We asked Ruskamo about the application process and about how to get better at writing funding applications.
Third time lucky
Ruskamo applied for funding for a research post as Postdoctoral Researcher immediately after completing her doctoral thesis.
“The first time was about learning the ropes and served as good practice. At the time I didn’t know exactly how the Academy of Finland and its review panels worked. Besides, it was still early days in my research project and therefore I didn’t even have preliminary results to show for myself. I didn’t have a very impressive CV either, and my research plan was not as coherent as it could’ve been,” Ruskamo explains.
On her second attempt, Ruskamo was able to establish a clearer focus for her research based on the comments she received from the review panel. During her first postdoc year she also had articles published, which benefited her CV.

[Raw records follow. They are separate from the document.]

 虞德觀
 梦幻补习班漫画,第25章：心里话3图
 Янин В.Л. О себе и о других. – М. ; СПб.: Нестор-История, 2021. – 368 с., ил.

“I was gaining in skills and experience and most importantly, we now had some preliminary results, which made for a more credible application. The second time round I was close to getting funding, and the feedback was very positive. However my research plan was considered too high-risk, although if successful the project would’ve yielded great impact. So the challenge for me was to convince the panel I could deliver on the promises I’d made in the plan.”
By the third time of asking Ruskamo again had more results that were enough to convince others that her research could indeed succeed. Ruskamo says these latest results reduced the risks of the project, which was now regarded as an ambitious one. She received funding in spring 2014.
Drive home your strengths and skills
Although preparing an application is a major investment of time, Ruskamo says the process gets less time-consuming each time round.
“The application must be a convincing piece of writing. It’s also important to establish a clear focus for research because often applications tend to be too broad and sweeping. You must learn how to get the message across just right and in sufficient detail. And then you mustn’t be shy, but really drive home your own strengths and skills,” she says.
The comments and feedback from the review panel provide great clues and pointers for the next application and for the research itself.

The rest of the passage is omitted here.